Todos los miembros de la familia tienen su pequeña escena, su importancia en la trama que Violet despliega. La historia se redondea, se retuerce, parece que se reconduce, pero solo gira sobre sí misma hasta el estallido final con el veneno esparcido, inoculado en nuevos recipientes que lo llevaran por todo el mundo. Incluso Bárbara, la hija mayor, la más despierta, la que mejor conoce a la madre, la que se fue más lejos, se lo lleva. En realidad, siempre lo ha llevado dentro. El personaje está interpretado por Julia Roberts y disfruté viendo como se sacude con su madre, como se insultan y se despellejan.
A Meryl Streep, la gran diva, la leona que todo lo tiene, que todo lo maneja, parece que le marcaron un patrón: Bette Davis. La actriz lo acepta, lo estruja, y hace una Bette Davis pasada de nicotina y de fármacos, con peluca y gafas oscuras. Despliega su arsenal de muecas, lloros, risas, miradas, gritos y susurros, su artillería pesada que va de un simple arqueo de cejas al desmelenamiento mas desaforado. Julia Roberts no se repliega, ataca con otras armas, la contención, el desapego, se defiende y ataca con la palabra mordaz, la mirada paralizante, como un frio escalpelo que atravesara la pantalla.
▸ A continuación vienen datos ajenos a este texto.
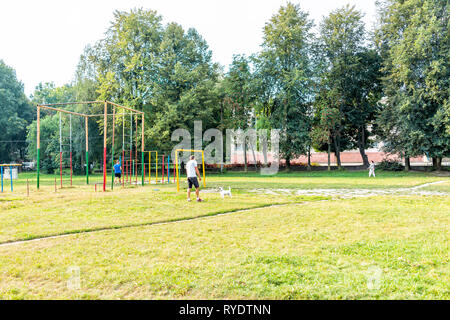 Riwne, Ukraine - 21. August 2018: rowno Stadt in der westlichen Ukraine und Mann spielt mit Hund im Park Feld mit Trainingsgeräten bars Stockfoto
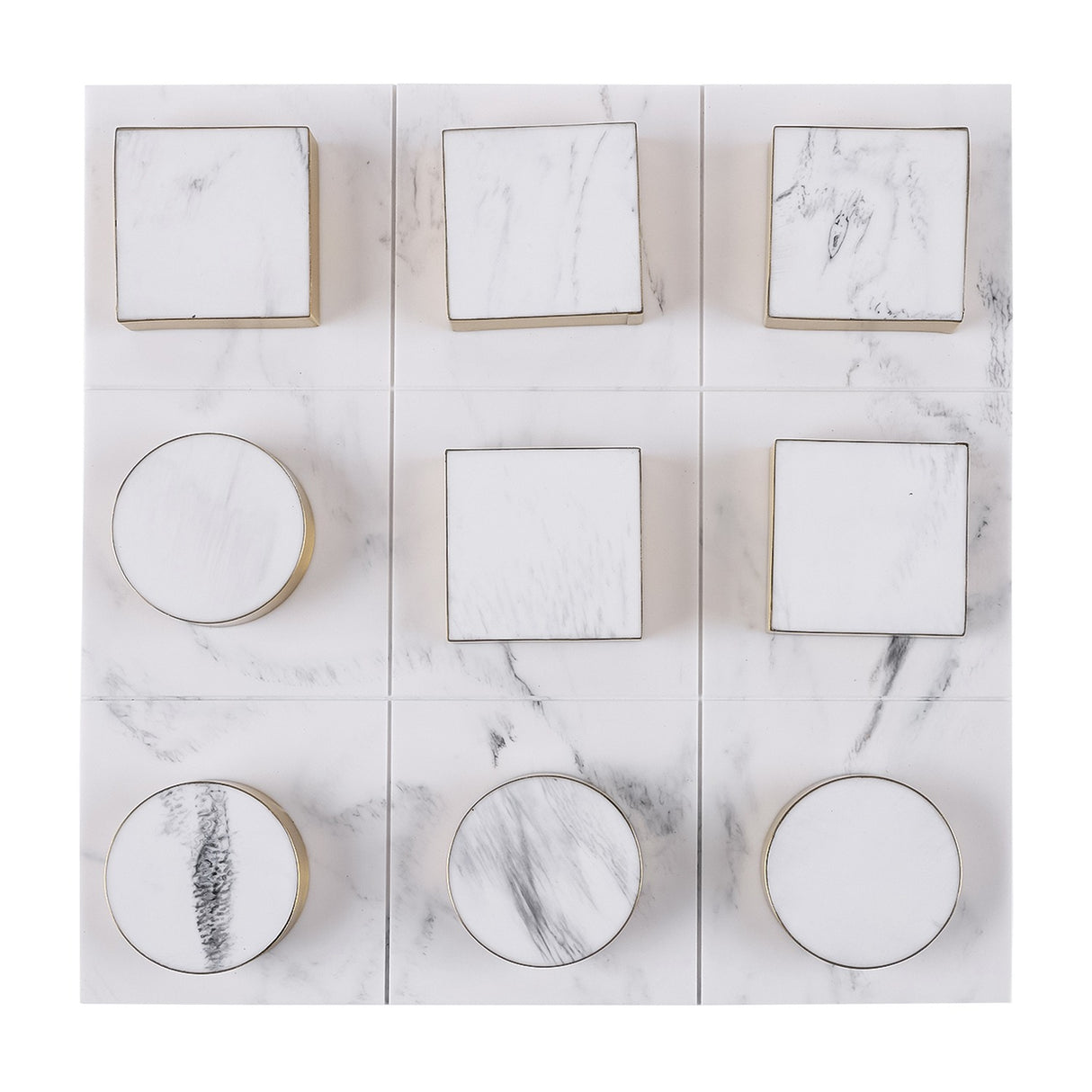 Libra Interiors Marble Effect noughts and crosses game shown top-down with square blocks and circular counters, white marble resin finish and brass-tone edging.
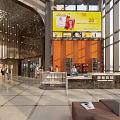Modern Cinema Lobby Featuring Decorative Columns Warm Lighting And People Walking Through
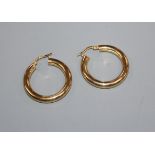 A pair of 18ct gold hoop earrings, 4 grams.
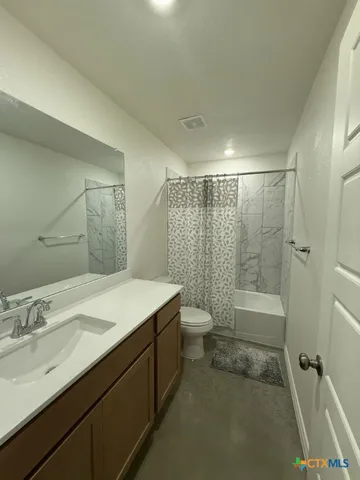 a bathroom with a granite countertop sink a toilet and shower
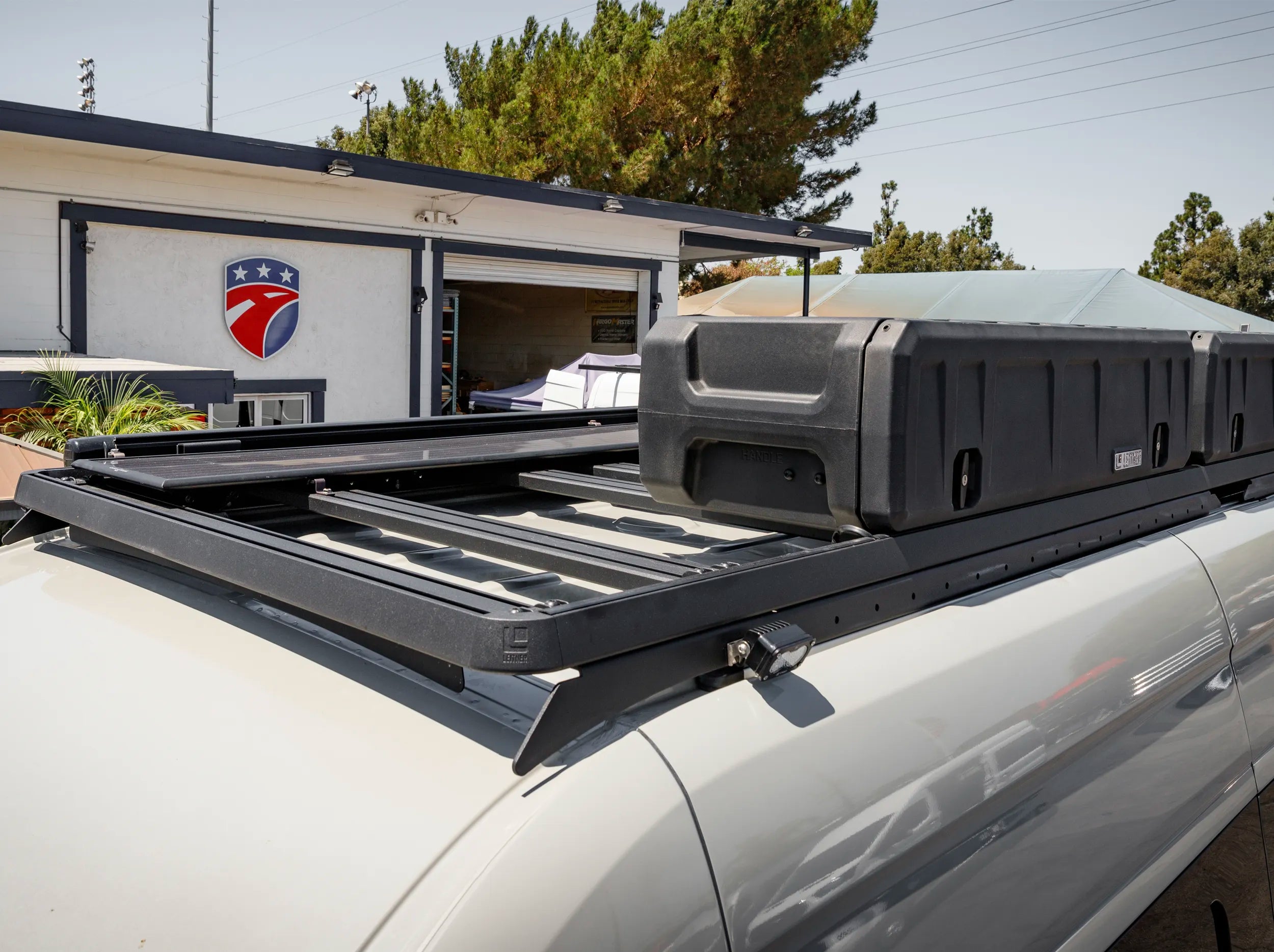 ABOVE CLOSE UP VIEW OF GEAR POD ROOFS MOUNTED ON ROOF RACK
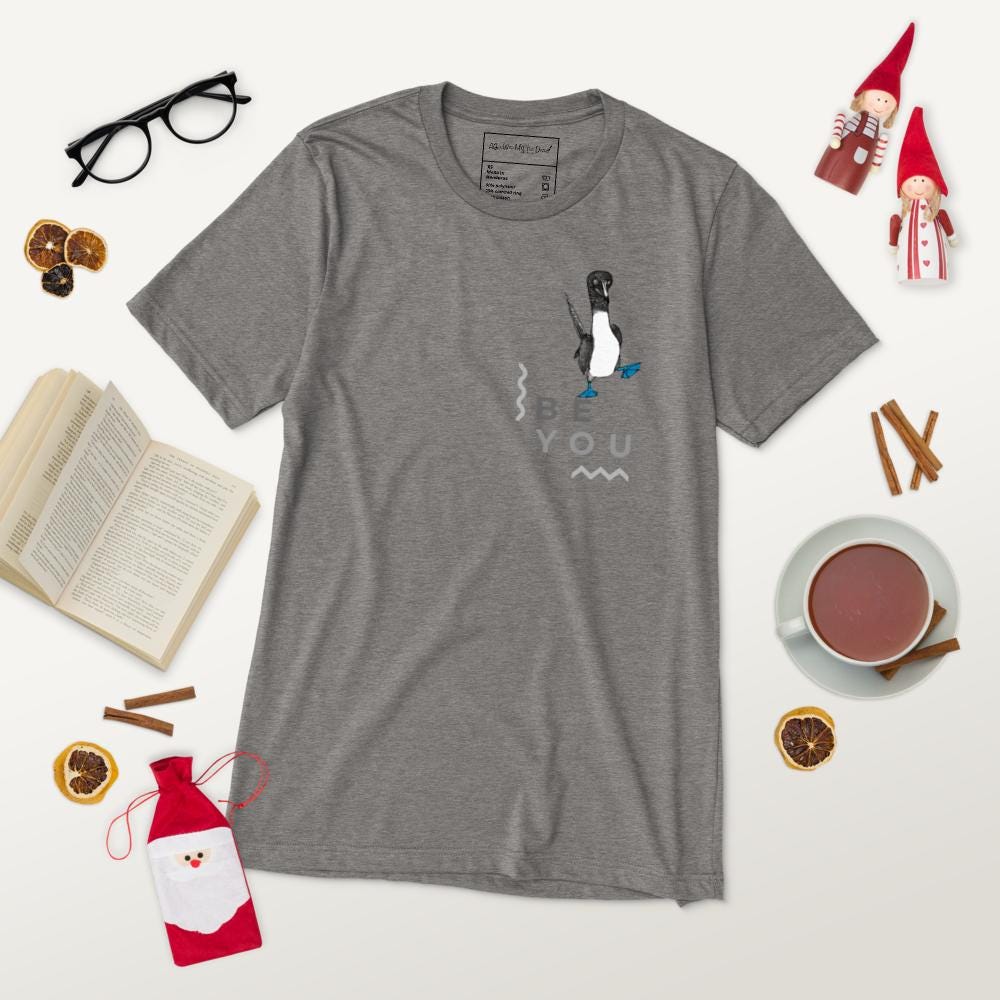 Grey triblend t-shirt featuring Be You in bold text with a detailed illustration of a blue-footed booby. Soft, lightweight fabric with a comfortable fit, showcasing lifelike textures in the artwork.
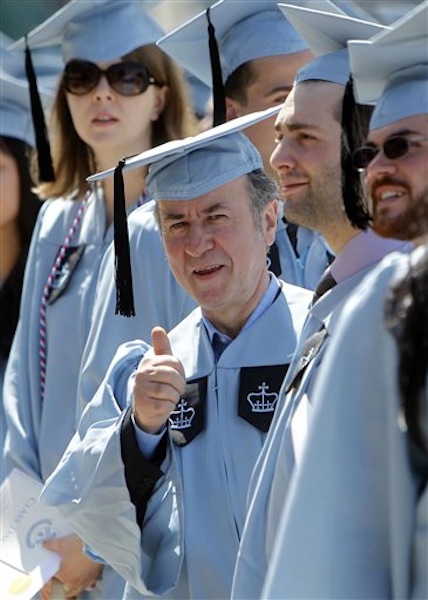 Columbia University janitor Gac Filipaj give a thumbs up during the Columbia University School of General Studies graduation ceremony, Sunday, May 13, 2012, in New York. Filipaj, 52, an ethnic Albanian who left his native Montenegro 20 years ago to escape war, is graduating with honors after 12 years of balancing studies and his full-time job. (AP Photo/Jason DeCrow)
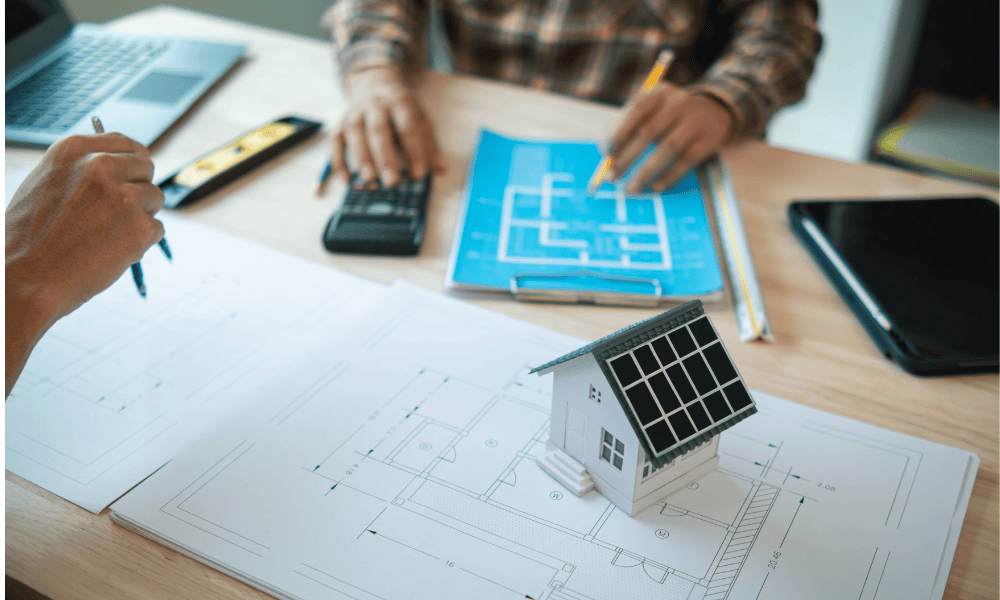Eine Hand stellt das Thermostatventil an der Heizung ein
Nunca la había visto más sobria, sin maquillaje ni muecas, diciendo palabrotas y pegándose con su madre por el suelo para arrancarle un tarro de pastillas. Solo a veces, un fruncimiento de los labios, delata su perpetuo gesto de estrella.
También están Margo Martindale y Chris Cooper, como hermana y cuñado, excepcionales en sus escenas, con sus pequeños secretos y su aparente simpleza. En general es una película de actores. John Wells, el director, los acompaña, los sigue en sus gestos, los mima, pasea la cámara por sus rostros, en los silencios, en las pequeñas confesiones. Abigail Breslin, la Pequeña Miss Sunshine, ha crecido, tiene una expresión incrédula, desaprueba el juego que se traen los mayores, no lo entiende. Todavía es demasiado joven.
En el condado de Osage, en agosto, hizo un calor de casi cuarenta grados. La casa estaba a oscuras y el aire era irrespirable. Al marido nadie lo vio marchar. Tal vez se sintiera viejo de pronto o quizás acabó cansándose de repetir siempre el mismo juego.